The single dad speaks no English and his two-year-old daughter cries much of the time. The pair from Ghana stay in a third-floor apartment in Winnipeg’s West End, where they’ve lived for several months with no social contact or connections with the community.
He knows Sunday is Father’s Day, but as an isolated refugee claimant stuck in limbo with no status, who’s caring for a toddler who constantly cries for her mother, he’s not expecting much.
“I’m hoping something will happen,” he said through an interpreter as Blessing squirmed and fussed when he tried to interest her in a book called I’ve Lost my Yellow Zebra.
They can only be identified by their first names — Ben and Blessing — because if their refugee claim fails and they’re removed to Ghana, where he says his life is in danger, the publicity will put them in peril.
“If I go back, I’m in trouble,” he said in his Twi language. Ben and Blessing and her mother, Rose, flew from Ghana to Ecuador last year and made their way by land to Mexico.
When the family crossed at Tijuana into the U.S. to make a refugee claim, the men were separated from the women and taken to separate detention facilities.
Ben had been carrying Blessing, and the father and daughter were sent to an Immigration and Customs Enforcement (ICE) lockup for men in California, he said. Rose, he discovered, was deported back to Ghana.
He and his toddler were held in what he described as a dormitory-like men’s prison, where he changed Blessing’s diapers on their bunk.
After two weeks in immigration jail, Ben and Blessing were released and expected to be removed to Ghana.
The danger he faced going back to Ghana, he said, was worse than their separation from Rose. He became Blessing’s main caregiver — a nontraditional role for men in Ghana, he
Tsaid, and one that’s been a challenge. They headed for Canada, and on Jan. 20, they crossed the border into Quebec to ask for refugee protection. Ben said he heard good things about Winnipeg and he and Blessing boarded a bus heading west. He got social assistance and legal aid. His lawyer said no date has been set for their Immigration and Refugee Board hearing, but he hopes it’s soon.
“I have serious concerns about the father, the child and the mother,” immigration lawyer Alastair Clarke said.
“In my personal experience with the father and child, they have genuine fear of returning to their home country.

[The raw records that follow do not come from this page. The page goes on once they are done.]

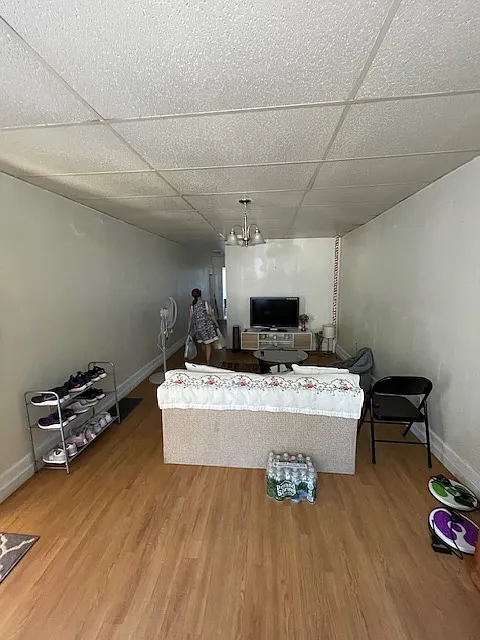 3 bed, $1,375 — Photo 2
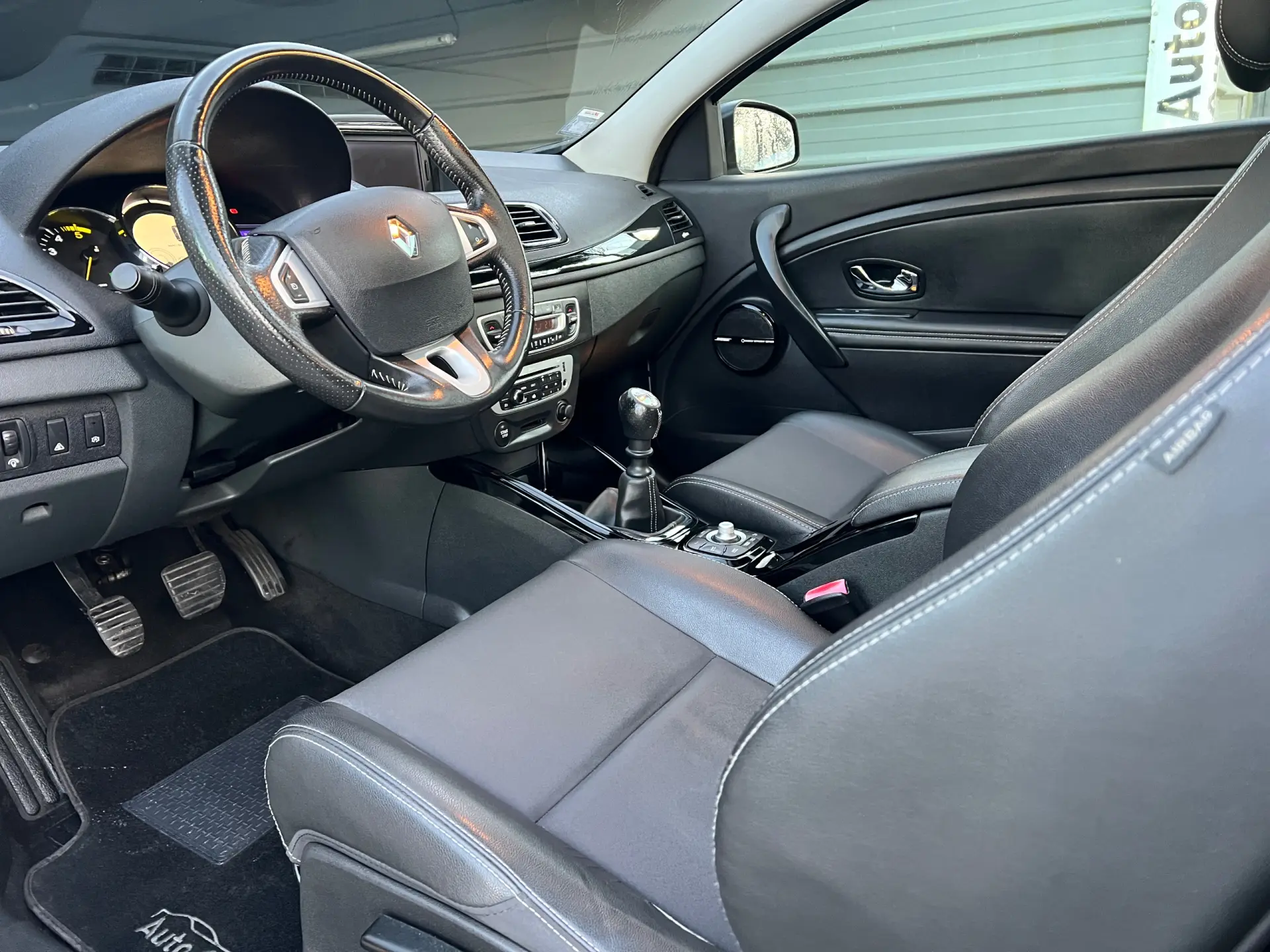 Renault Mégane Coupe 1.5 dCi Bose Edition SS 15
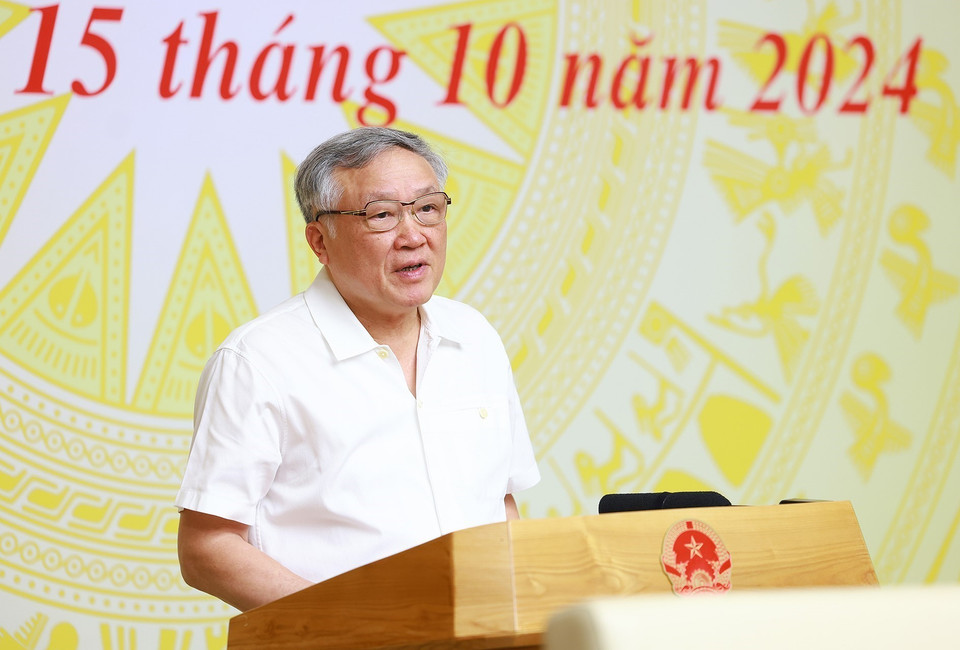 Phó Thủ tướng Thường trực Nguyễn Hoà Bình báo cáo một số dự thảo luật trình tại Kỳ họp thứ 8, Quốc hội khóa XV. (Ảnh: Dương Giang/TTXVN)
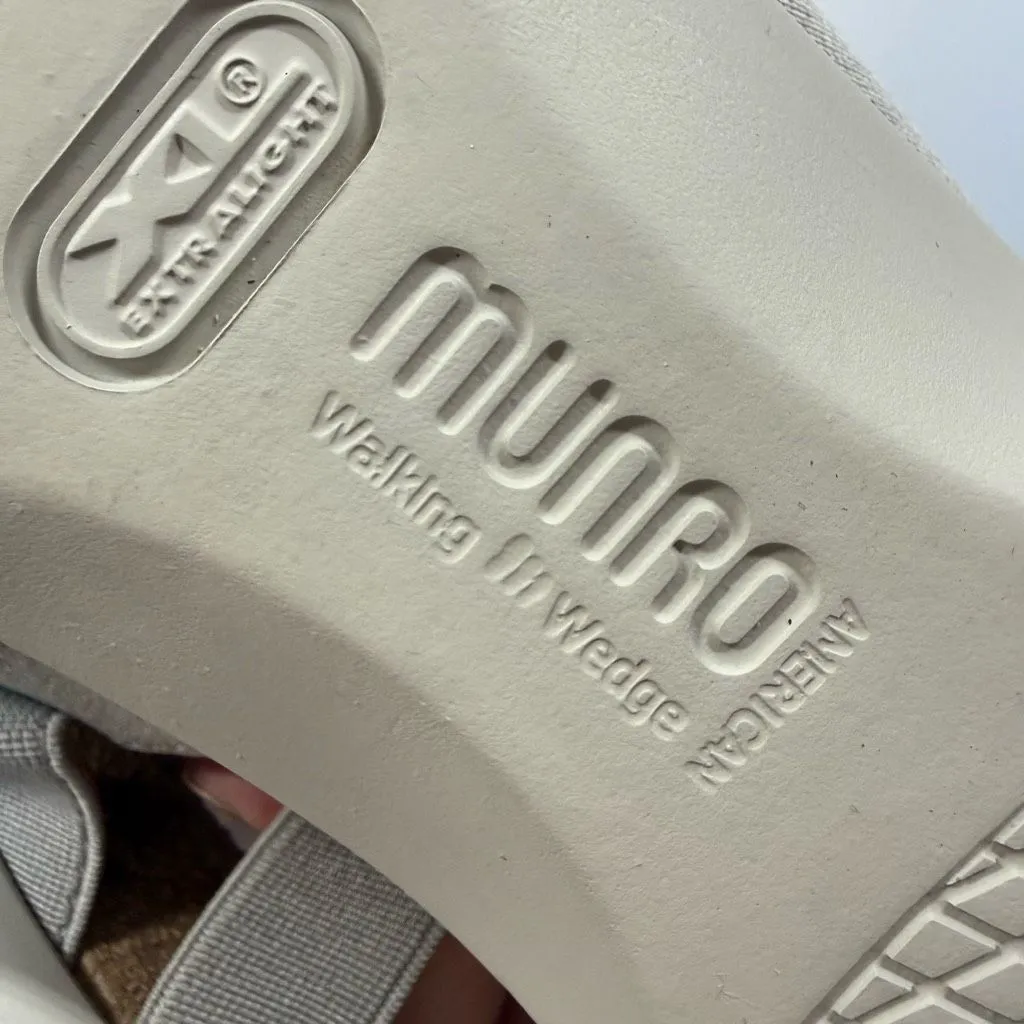 Munro leather strap walking wedge extra light sandal size 8 - Image 9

He has limited support and extremely limited language skills. He is working hard to request the necessary documents for his case, but he clearly needs to focus on taking care of his daughter,” Clarke said. “I also have significant concerns about the health of the mother. Separating a mother from her young child is a tragedy.”
Their case is among the soaring number of refugee claims before the Immigration and Refugee Board, he said. Claims filed in 2017 were almost double the number filed in 2016.
“This is an unusual situation,” Clarke said.
“I cannot recall representing a single dad with a young child. The fact that the mother was separated is a serious injustice.” If Ben and Blessing are granted refugee protection, Rose should be able to join them. For now, Blessing, who is still in diapers at 30 months old, looks forward to a daily video chat with her mom in Ghana via smartphone.
“In this case, we may request to have his hearing expedited,” Clarke said.
In the meantime, Ben may be getting his Father’s Day wish that “something will happen.”
When contacted by the Free Press this week, Ghanaian Union of Manitoba president Maggie Yeboah reached out to them.
The Twi-speaking woman has taken many Ghanaian asylum seekers under her wing.
She planned to visit them and invite them to the 50th anniversary celebration and barbecue at her Crestview Free Methodist Church, which is attended by many Ghanaian community members.